[Ml-stat-talks] Steven Salzberg special seminar today at 4:00 pm in LTL 003

Storey, John D. jstorey at Princeton.EDU
Tue Apr 15 13:58:14 EDT 2014

Here is a talk by one of the bona fide leaders of “Big Data”, today at 4:00pm in Lewis Thomas Lab 003.  In the past several years the cost of DNA sequencing has been drastically reduced.  The bottleneck in time and costs quickly became processing the raw data.  The work of Steven and his students has revolutionized our computational capabilities in processing raw sequencing data.  Steven is truly on the frontier of “Big Data” science, not hype but very real results and measurable impact.

Subject:  Steven Salzberg special seminar today at 4:00 pm

Steven Salzberg, Johns Hopkins University School of Medicine, Computational Challenges of High Throughput Genome Sequence Analysis<http://www.princeton.edu/genomics/seminars/special-seminars/viewevent.xml?id=227>
Apr 15, 2014, 4:00 p.m.
Lewis Thomas Lab 003
Next-generation sequencing technology allows us to peer inside the cell in exquisite detail, revealing new insights into biology, evolution, and disease that would have been impossible to discover just a few years ago.
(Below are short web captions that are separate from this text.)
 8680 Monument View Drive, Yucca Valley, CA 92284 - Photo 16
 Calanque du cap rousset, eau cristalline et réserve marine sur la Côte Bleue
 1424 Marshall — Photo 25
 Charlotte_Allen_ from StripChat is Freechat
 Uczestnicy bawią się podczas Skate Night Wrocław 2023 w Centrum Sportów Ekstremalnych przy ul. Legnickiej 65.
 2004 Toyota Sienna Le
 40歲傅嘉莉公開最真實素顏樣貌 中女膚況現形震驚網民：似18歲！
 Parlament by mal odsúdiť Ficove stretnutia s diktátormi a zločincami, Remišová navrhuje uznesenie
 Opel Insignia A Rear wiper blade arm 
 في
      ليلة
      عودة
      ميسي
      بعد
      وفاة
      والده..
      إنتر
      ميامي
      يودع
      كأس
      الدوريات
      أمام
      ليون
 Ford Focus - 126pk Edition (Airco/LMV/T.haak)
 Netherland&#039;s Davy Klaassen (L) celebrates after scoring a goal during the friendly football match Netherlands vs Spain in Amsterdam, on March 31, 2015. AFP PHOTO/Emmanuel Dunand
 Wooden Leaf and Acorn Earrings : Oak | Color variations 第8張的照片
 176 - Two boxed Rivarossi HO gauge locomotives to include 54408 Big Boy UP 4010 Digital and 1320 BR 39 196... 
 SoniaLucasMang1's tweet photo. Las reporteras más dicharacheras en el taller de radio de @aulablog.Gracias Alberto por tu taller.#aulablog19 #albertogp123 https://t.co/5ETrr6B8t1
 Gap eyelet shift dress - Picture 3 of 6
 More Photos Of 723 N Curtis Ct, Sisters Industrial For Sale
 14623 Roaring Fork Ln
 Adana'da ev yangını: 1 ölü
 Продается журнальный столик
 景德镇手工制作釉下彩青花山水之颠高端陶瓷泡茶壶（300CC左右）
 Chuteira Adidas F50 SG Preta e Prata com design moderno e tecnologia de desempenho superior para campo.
The enormous volumes of data produced by NGS experiments present many computational challenges that we are working to address. In this talk, I will discuss some of our algorithmic solutions to two key alignment problems: (1) mapping sequences onto the human genome at very high speed, and (2) mapping and assembling transcripts from RNA-seq experiments. I will also discuss some of the problems that can arise during analysis of exome data, in which the gene-containing portions of the genome are sequenced in an effort to identify mutations responsible for disease. My group has developed algorithms to solve each of these problems, including the widely-used Bowtie program for fast DNA sequence alignment, the TopHat and Cufflinks programs for assembly of genes from transcriptome sequencing (RNA-seq) experiments, and the new DIAMUND program for detecting de novo mutations. This talk describes joint work with current and former lab members including Ben Langmead, Cole Trapnell, Daehwan Kim, Mihaela Pertea, and Geo Pertea.